THE DATA:
****************************************
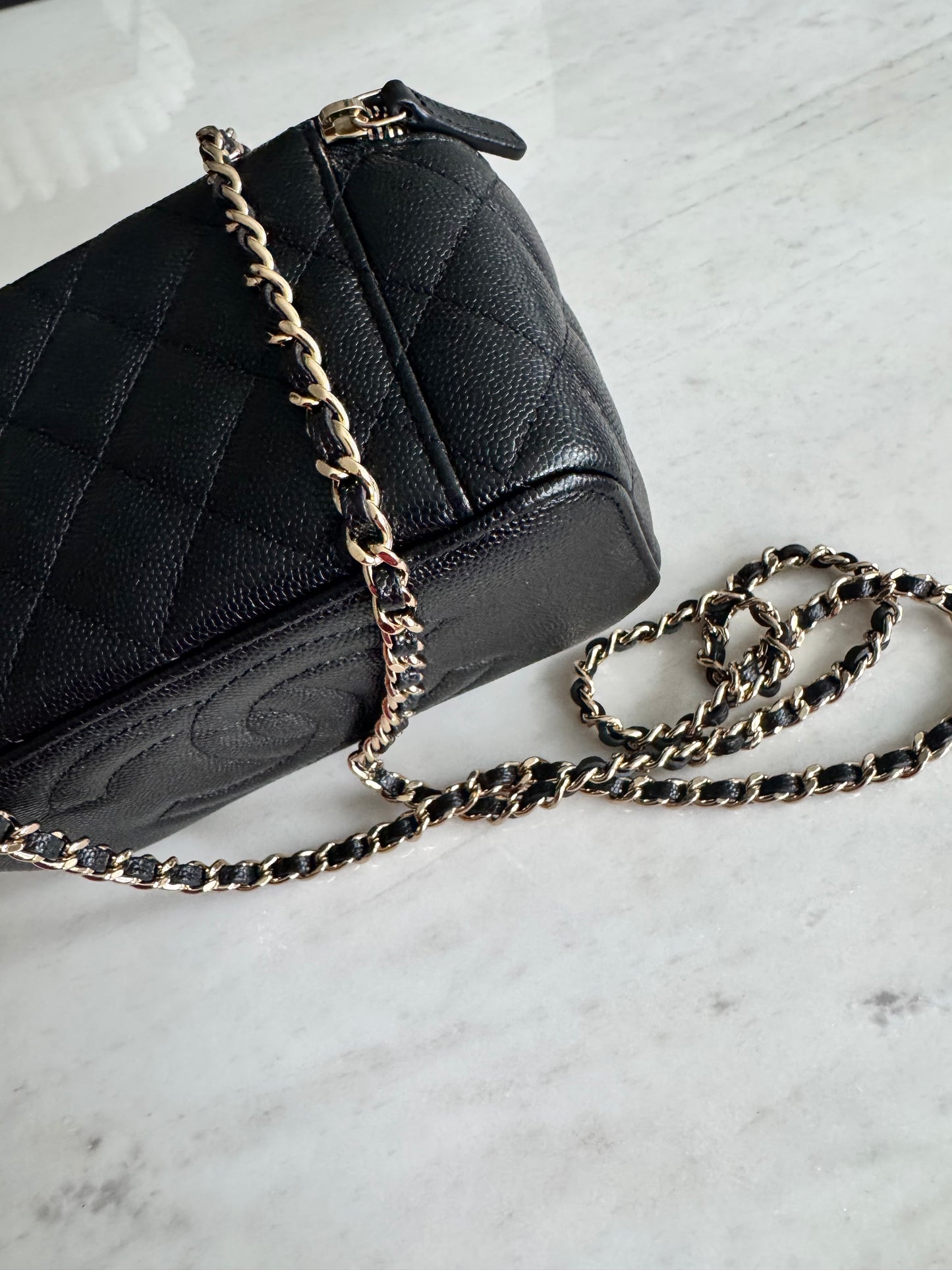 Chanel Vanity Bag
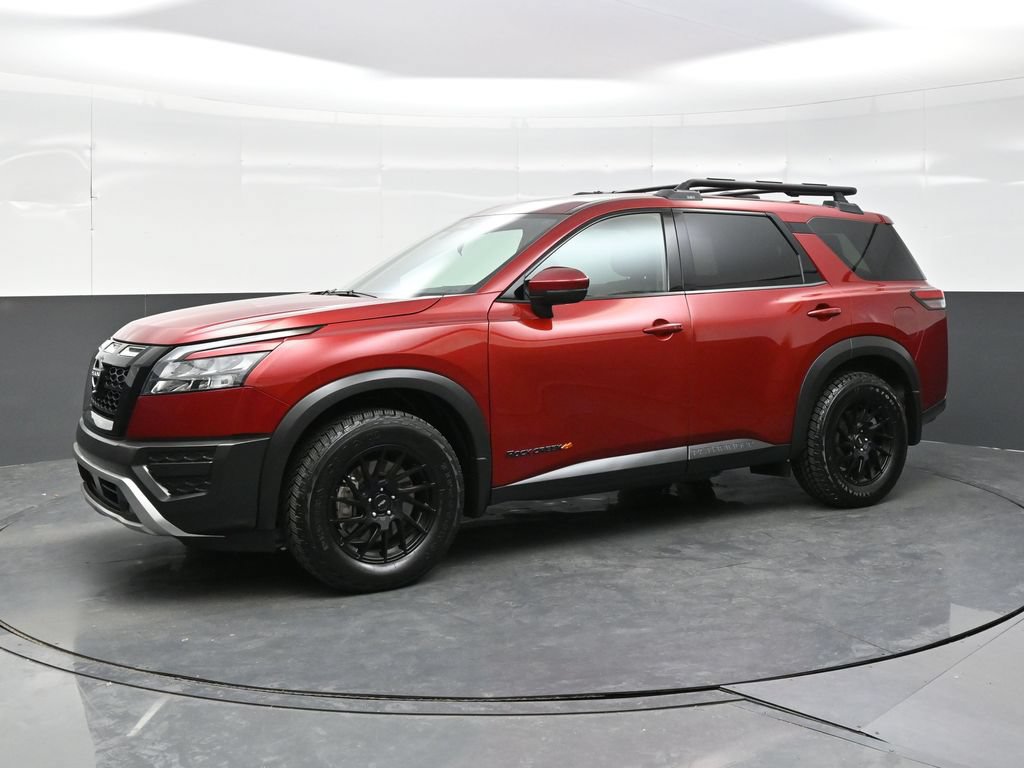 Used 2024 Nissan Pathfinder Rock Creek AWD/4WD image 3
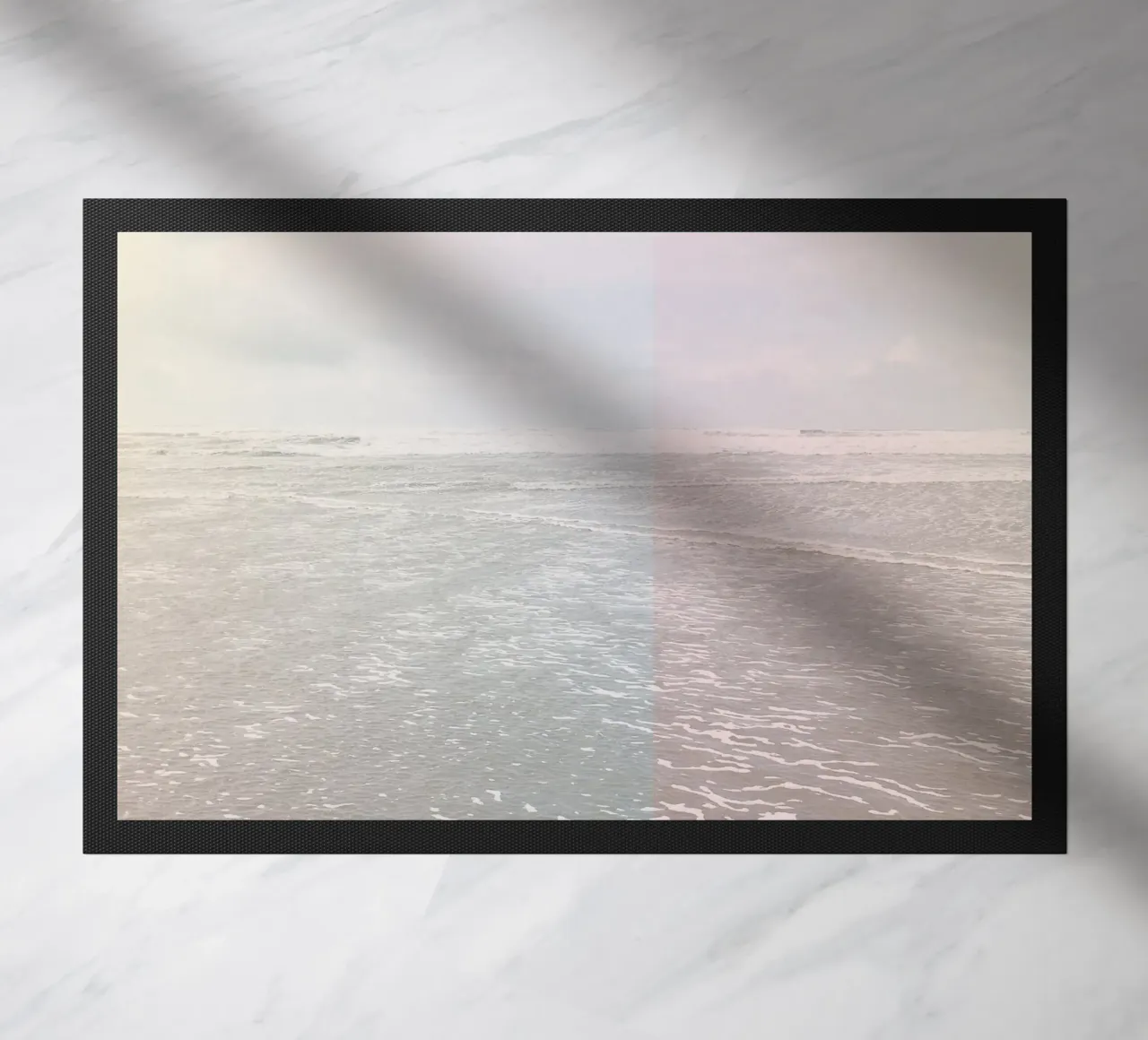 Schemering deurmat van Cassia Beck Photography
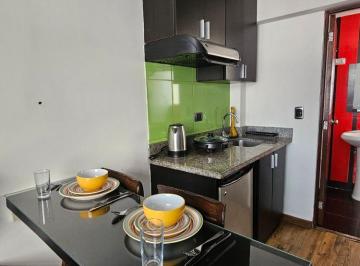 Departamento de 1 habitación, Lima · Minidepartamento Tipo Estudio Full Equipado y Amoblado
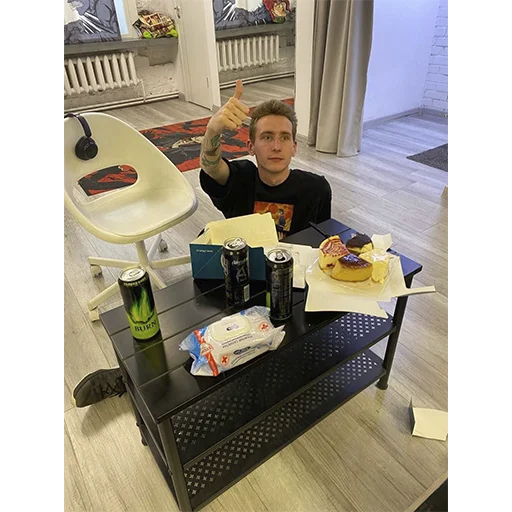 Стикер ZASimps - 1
****************************************
WORK TASK:
Restate each line of the records exactly; pictures do not belong in the copy.

ANSWER SECTION:
 Chanel Vanity Bag
 Used 2024 Nissan Pathfinder Rock Creek AWD/4WD image 3
 Schemering deurmat van Cassia Beck Photography
 Departamento de 1 habitación, Lima · Minidepartamento Tipo Estudio Full Equipado y Amoblado
 Стикер ZASimps - 1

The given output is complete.